§ Task objective
The records below are to be restated word for word; their pictures are not.

§ Records from a dataset
* * * * *
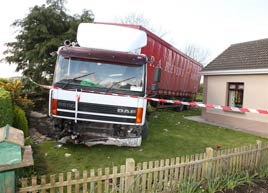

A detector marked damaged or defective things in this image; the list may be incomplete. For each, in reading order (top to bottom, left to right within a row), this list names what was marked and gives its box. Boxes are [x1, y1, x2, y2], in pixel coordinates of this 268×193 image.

broken windshield [52, 55, 144, 92]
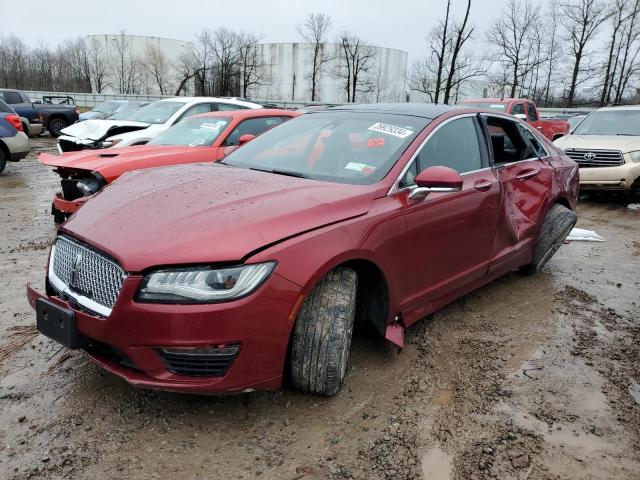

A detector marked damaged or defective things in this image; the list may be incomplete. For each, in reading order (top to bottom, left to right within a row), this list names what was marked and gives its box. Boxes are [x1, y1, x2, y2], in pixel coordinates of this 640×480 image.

wrecked vehicle [56, 99, 262, 154]
wrecked vehicle [38, 109, 298, 223]
damaged red lincoln mkz [26, 103, 580, 396]
wrecked vehicle [28, 105, 580, 398]
damaged door [484, 113, 556, 274]
wrecked vehicle [552, 106, 640, 192]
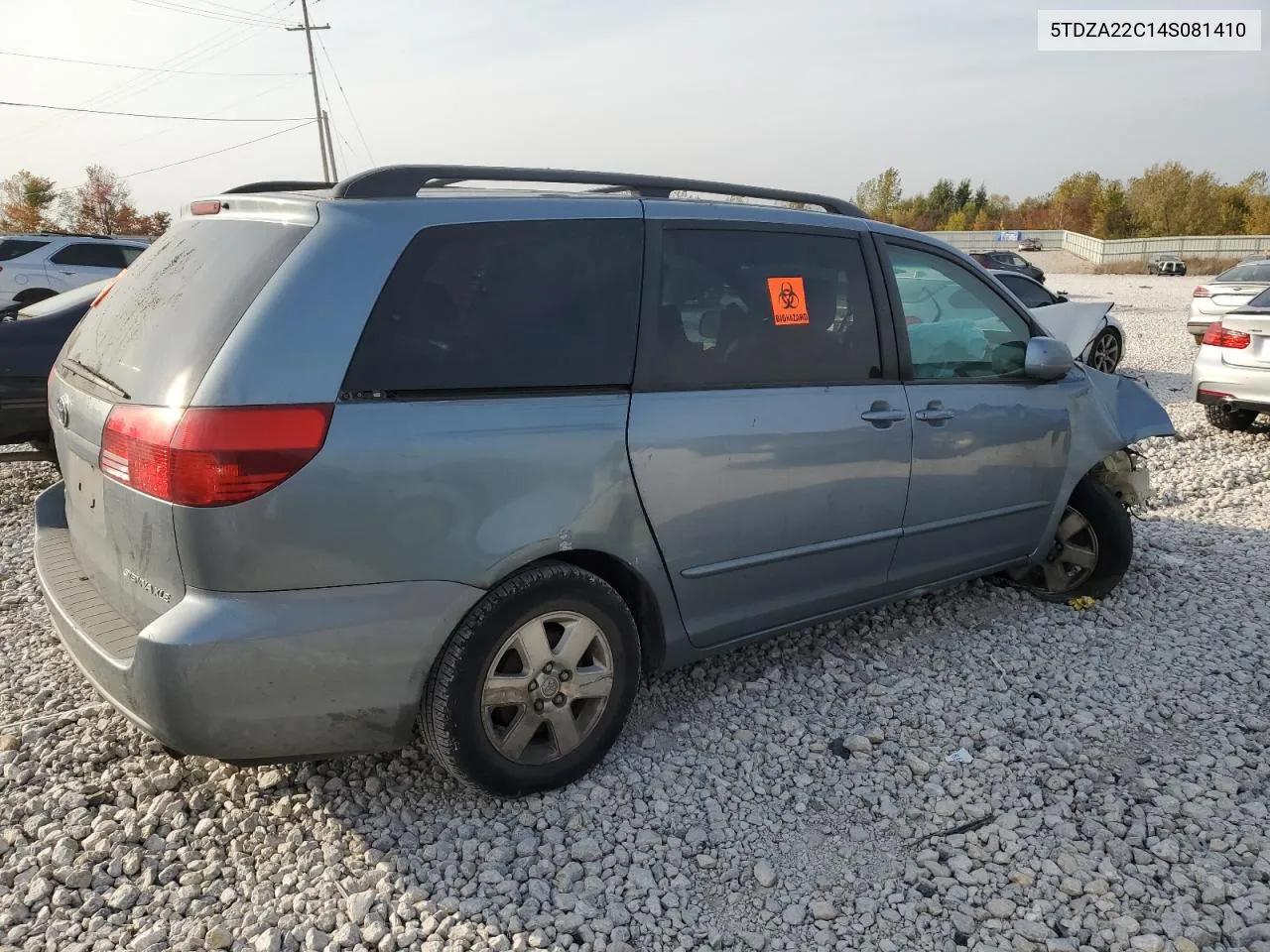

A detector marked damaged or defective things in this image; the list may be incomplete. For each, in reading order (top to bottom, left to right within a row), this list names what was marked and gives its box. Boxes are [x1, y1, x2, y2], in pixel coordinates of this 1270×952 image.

damaged white car [992, 270, 1119, 373]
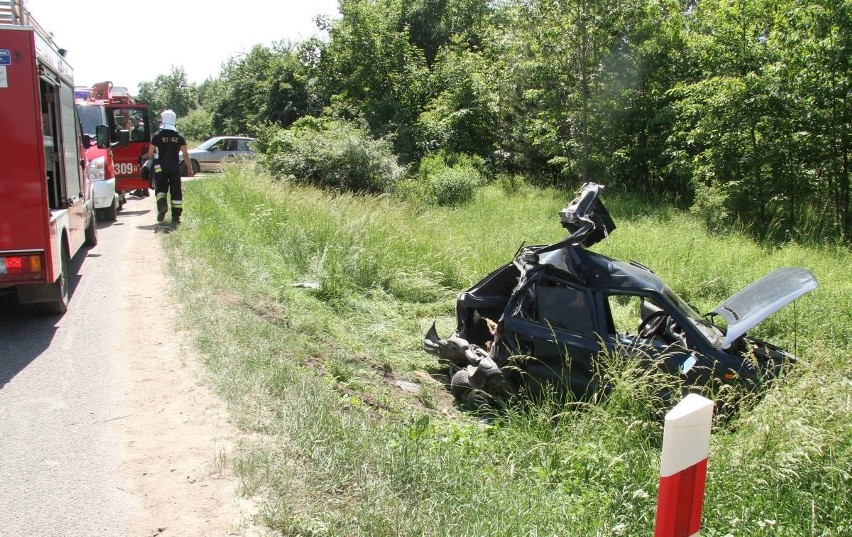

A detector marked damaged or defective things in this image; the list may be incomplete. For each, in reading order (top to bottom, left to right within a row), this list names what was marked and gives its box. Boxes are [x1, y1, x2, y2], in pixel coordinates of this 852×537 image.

severely wrecked car [426, 182, 820, 404]
crushed vehicle body [426, 182, 820, 404]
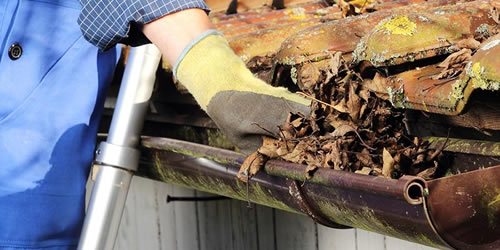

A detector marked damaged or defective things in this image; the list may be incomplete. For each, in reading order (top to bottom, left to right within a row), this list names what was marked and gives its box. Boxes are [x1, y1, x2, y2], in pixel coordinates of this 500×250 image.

rusty gutter [139, 136, 500, 249]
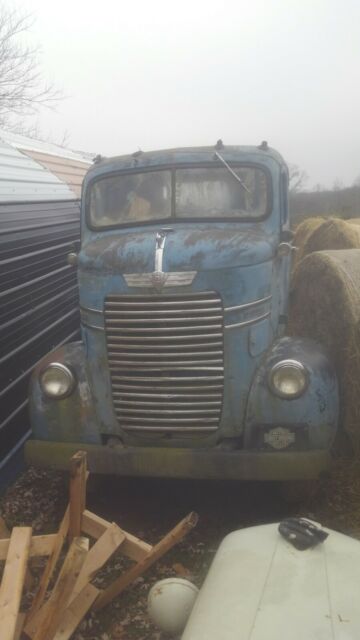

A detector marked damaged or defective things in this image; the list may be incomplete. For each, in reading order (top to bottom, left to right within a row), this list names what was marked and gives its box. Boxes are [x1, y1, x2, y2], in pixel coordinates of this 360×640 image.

rusty hood [79, 224, 276, 274]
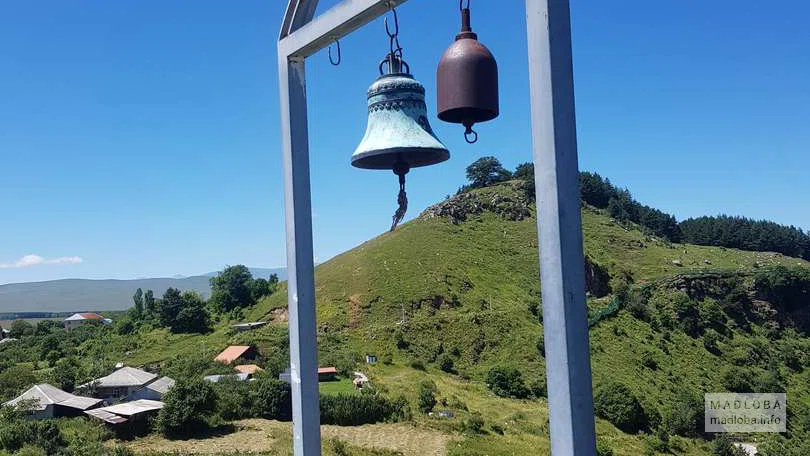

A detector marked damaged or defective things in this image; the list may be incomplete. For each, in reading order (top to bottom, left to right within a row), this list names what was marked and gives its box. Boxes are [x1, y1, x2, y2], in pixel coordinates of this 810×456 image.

small rusty bell [438, 0, 496, 143]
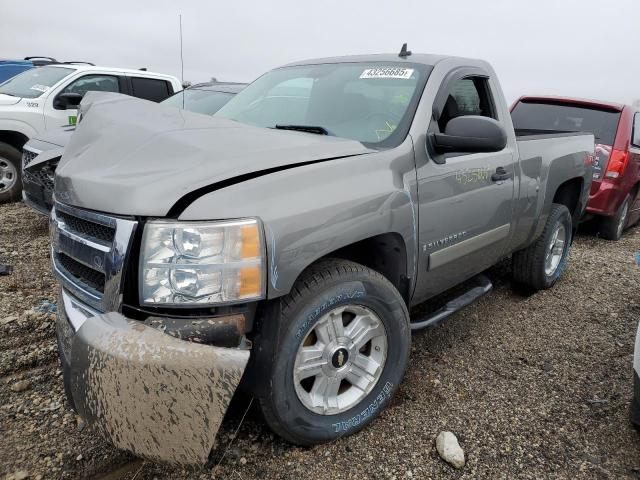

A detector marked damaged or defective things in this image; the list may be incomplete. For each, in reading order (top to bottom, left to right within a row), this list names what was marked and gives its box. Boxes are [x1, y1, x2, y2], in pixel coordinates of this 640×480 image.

crumpled hood [57, 92, 376, 216]
damaged front hood [57, 92, 376, 216]
dented bumper [56, 288, 250, 464]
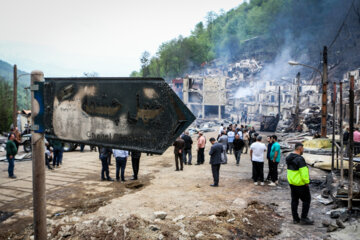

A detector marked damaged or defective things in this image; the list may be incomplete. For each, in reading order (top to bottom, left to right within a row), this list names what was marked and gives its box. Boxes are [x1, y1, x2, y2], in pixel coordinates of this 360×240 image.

rusty sign surface [40, 78, 195, 155]
burned metal sign [41, 78, 195, 155]
charred metal panel [43, 78, 195, 155]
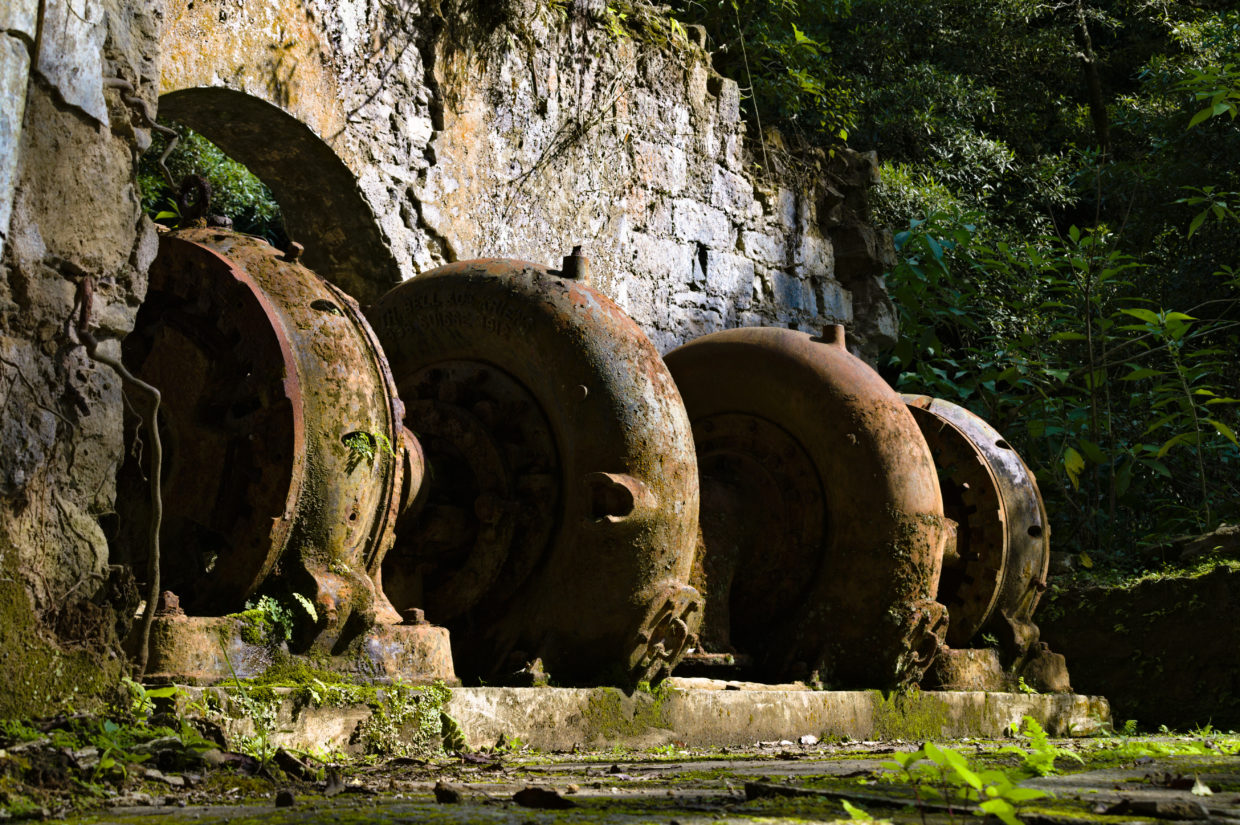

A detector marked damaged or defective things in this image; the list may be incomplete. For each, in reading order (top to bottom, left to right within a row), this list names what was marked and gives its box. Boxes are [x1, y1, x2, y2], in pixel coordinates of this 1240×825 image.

orange rusted metal surface [367, 258, 704, 679]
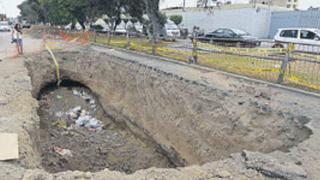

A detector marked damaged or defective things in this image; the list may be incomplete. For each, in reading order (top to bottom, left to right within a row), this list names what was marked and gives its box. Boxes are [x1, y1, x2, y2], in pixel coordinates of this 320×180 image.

broken concrete edge [89, 42, 320, 98]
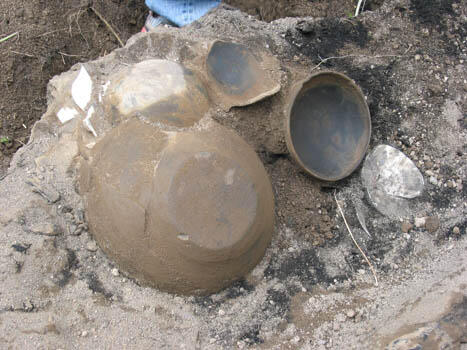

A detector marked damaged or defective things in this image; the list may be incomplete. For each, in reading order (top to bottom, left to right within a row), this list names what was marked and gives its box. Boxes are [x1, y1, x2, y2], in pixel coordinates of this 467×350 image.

broken pottery shard [71, 65, 93, 110]
broken pottery shard [106, 59, 210, 128]
broken pottery shard [206, 40, 280, 110]
broken pottery shard [81, 119, 276, 294]
broken pottery shard [364, 145, 426, 219]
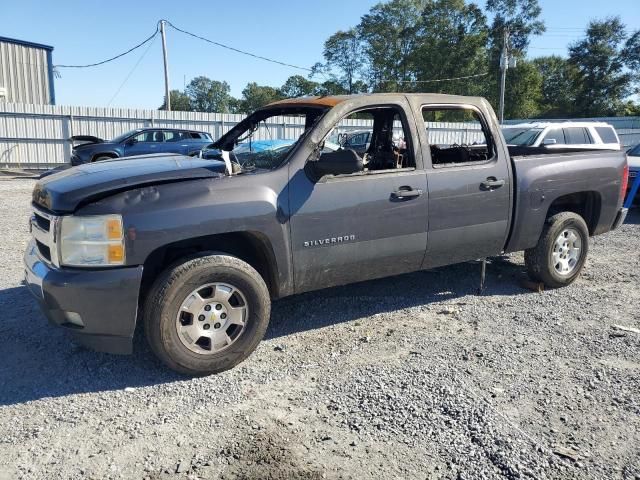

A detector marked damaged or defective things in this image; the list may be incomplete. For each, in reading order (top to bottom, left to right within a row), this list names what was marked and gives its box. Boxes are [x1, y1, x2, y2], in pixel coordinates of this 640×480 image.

damaged pickup truck [25, 92, 632, 374]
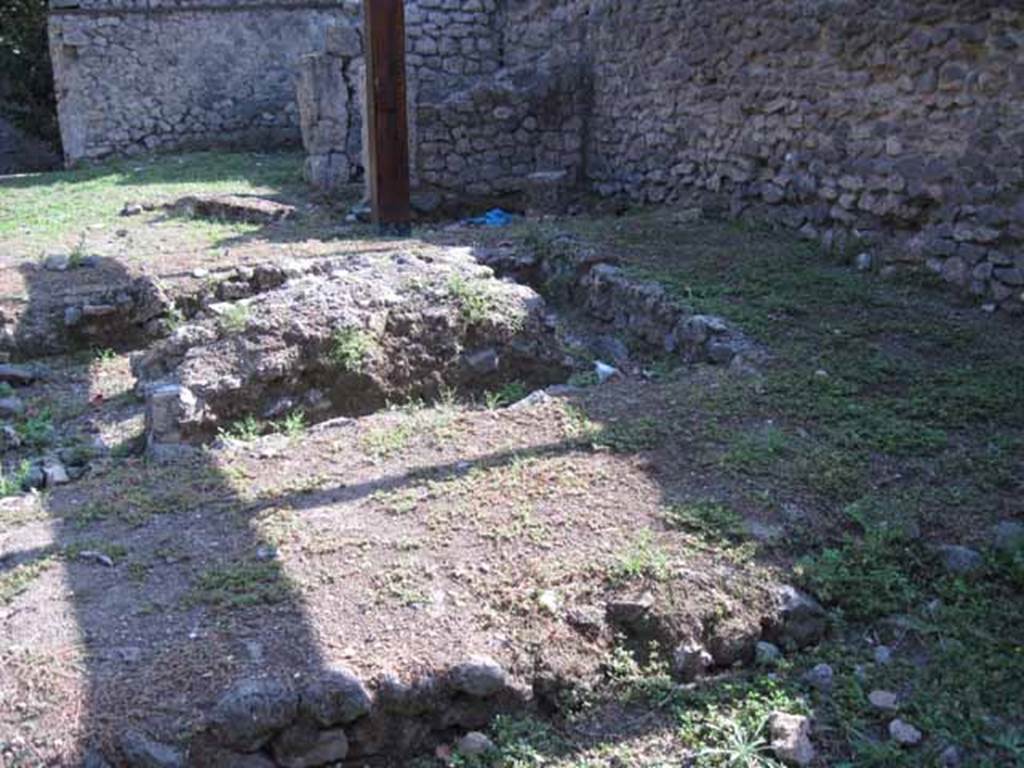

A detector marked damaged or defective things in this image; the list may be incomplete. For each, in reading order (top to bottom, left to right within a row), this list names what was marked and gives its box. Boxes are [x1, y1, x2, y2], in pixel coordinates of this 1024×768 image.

rusted metal pole [360, 0, 408, 236]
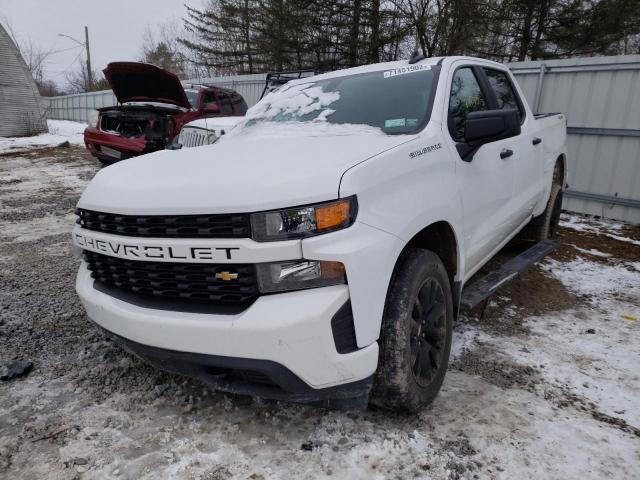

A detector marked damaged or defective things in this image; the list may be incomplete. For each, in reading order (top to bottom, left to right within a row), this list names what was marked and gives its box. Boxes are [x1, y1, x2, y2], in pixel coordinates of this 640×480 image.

red damaged vehicle [83, 62, 248, 164]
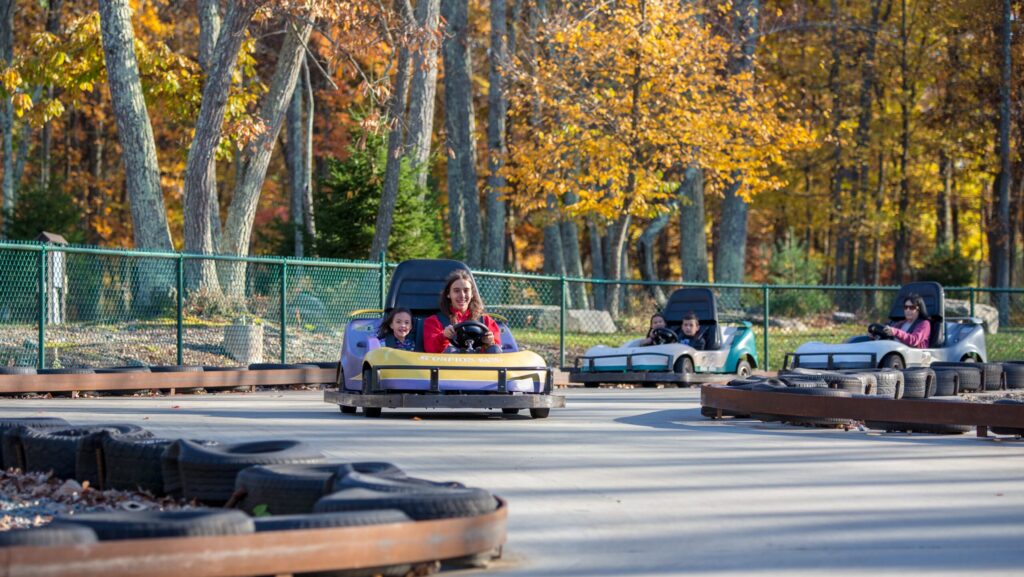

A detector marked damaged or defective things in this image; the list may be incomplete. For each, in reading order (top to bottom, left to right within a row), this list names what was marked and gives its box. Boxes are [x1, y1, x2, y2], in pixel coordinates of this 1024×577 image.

rusted metal guardrail [0, 368, 333, 395]
rusted metal guardrail [700, 383, 1024, 438]
rusted metal guardrail [0, 498, 507, 573]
* * * * *
§ Answer to the exercise
A detector marked damaged or defective things in this image; the list may be incomplete. For each, in reading order (top to bottom, left to right within a row), this list names what was marked and gives its box. Boxes are [x1, y1, x2, y2], in pixel coordinates of this 268×193 image.

broken windshield [52, 55, 144, 92]

A detector marked damaged or defective things in this image; the list may be incomplete. For each, in reading order (top to bottom, left to right within a row), this list names what was marked and gives its box. Boxes are [x1, y1, x2, y2], in pixel coordinates of this 640×480 image.

wrecked vehicle [56, 99, 262, 154]
wrecked vehicle [38, 109, 298, 223]
damaged red lincoln mkz [26, 103, 580, 396]
wrecked vehicle [28, 105, 580, 398]
damaged door [484, 113, 556, 274]
wrecked vehicle [552, 106, 640, 192]

A detector marked damaged or defective things in this image; the list may be incomplete. For each, in reading order (top to bottom, left to right within a row), this list names what was marked and gives its box. Boxes are [x1, y1, x2, y2], in pixel coordinates of this 1270×952 image.

damaged white car [992, 270, 1119, 373]

A detector marked damaged or defective things in this image; the list may be incomplete. For each, in reading order (top to bottom, left to right within a row), this list names what was marked and gives its box. Boxes are [x1, y1, x2, y2], in pixel coordinates of this 852×537 image.

severely wrecked car [426, 182, 820, 404]
crushed vehicle body [426, 182, 820, 404]

A detector marked damaged or defective things in this image; the list may be incomplete. For each, in reading order (top to bottom, left to right within a row), this list names what was marked and gives its box. Boxes are [x1, y1, x2, y2], in pixel coordinates of this 500×250 image.

rusty gutter [139, 136, 500, 249]

A detector marked damaged or defective things in this image; the list may be incomplete. For each, in reading order (top to bottom, left to right within a row), this list names what was marked and gives its box. Boxes are [x1, y1, x2, y2], in pixel coordinates of this 360×640 image.

rusty hood [79, 224, 276, 274]

A detector marked damaged or defective things in this image; the list may be incomplete. For each, in reading order (top to bottom, left to right within a row), this list names what was marked and gives its box. Boxes are [x1, y1, x2, y2], in pixel coordinates of this 810×456 image.

small rusty bell [438, 0, 496, 143]

A detector marked damaged or defective things in this image; the list may be incomplete. For each, in reading order (top to bottom, left to right within a row), this list names what was marked and gives its box. Boxes are [x1, y1, x2, y2], in pixel coordinates of this 640×480 image.

crumpled hood [57, 92, 376, 216]
damaged front hood [57, 92, 376, 216]
dented bumper [56, 288, 250, 464]

A detector marked damaged or defective things in this image; the list may be incomplete. For each, in reading order (top to bottom, left to right within a row), this list names what was marked and gives its box. Boxes are [x1, y1, x2, y2], in pixel coordinates of this 360×240 image.

rusty sign surface [40, 78, 195, 155]
burned metal sign [41, 78, 195, 155]
charred metal panel [43, 78, 195, 155]

A detector marked damaged or defective things in this image; the list may be incomplete. For each, in reading order (top to bottom, left to right within a row), this list names what was marked and gives its box. Boxes are [x1, y1, x2, y2], in pixel coordinates of this 1240×825 image.

orange rusted metal surface [367, 258, 704, 679]

A detector marked damaged or defective things in this image; the list may be incomplete. For each, in reading order (top to bottom, left to right within a row), this list names what was marked and gives its box. Boxes are [x1, y1, x2, y2], in pixel coordinates of this 320×180 image.

broken concrete edge [89, 42, 320, 98]

A detector marked damaged or defective things in this image; the list may be incomplete. For each, in reading order (top to bottom, left to right within a row), this list names what was marked and gives its box. Boxes are [x1, y1, x2, y2], in pixel coordinates of this 467×350 image.

broken pottery shard [71, 65, 93, 110]
broken pottery shard [106, 59, 210, 128]
broken pottery shard [206, 40, 280, 110]
broken pottery shard [81, 119, 276, 294]
broken pottery shard [364, 145, 426, 219]

A detector marked damaged or defective things in this image; the list may be incomplete. For each, in reading order (top to bottom, left to right within a row), this list names what was marked and gives its box. Boxes are [x1, y1, x2, y2], in pixel coordinates of this 640×480 image.

damaged pickup truck [25, 92, 632, 374]

A detector marked damaged or defective things in this image; the list may be incomplete. For each, in reading order (top to bottom, left to right within a row), this list names what was marked and gives its box. Boxes are [x1, y1, x2, y2], in pixel coordinates of this 1024×768 image.

rusted metal pole [360, 0, 408, 236]

A detector marked damaged or defective things in this image; the list may be incomplete. For each, in reading order (top to bottom, left to right within a row), this list names what was marked and gives its box. Boxes are [x1, y1, x2, y2], in pixel coordinates of this 640×480 image.

red damaged vehicle [83, 62, 248, 164]

A detector marked damaged or defective things in this image; the list may be incomplete. For each, in reading order (top to bottom, left to right within a row), this list names what was marked and gives its box. Boxes are [x1, y1, x2, y2], in pixel coordinates of this 1024×577 image.

rusted metal guardrail [0, 368, 333, 395]
rusted metal guardrail [700, 383, 1024, 438]
rusted metal guardrail [0, 498, 507, 573]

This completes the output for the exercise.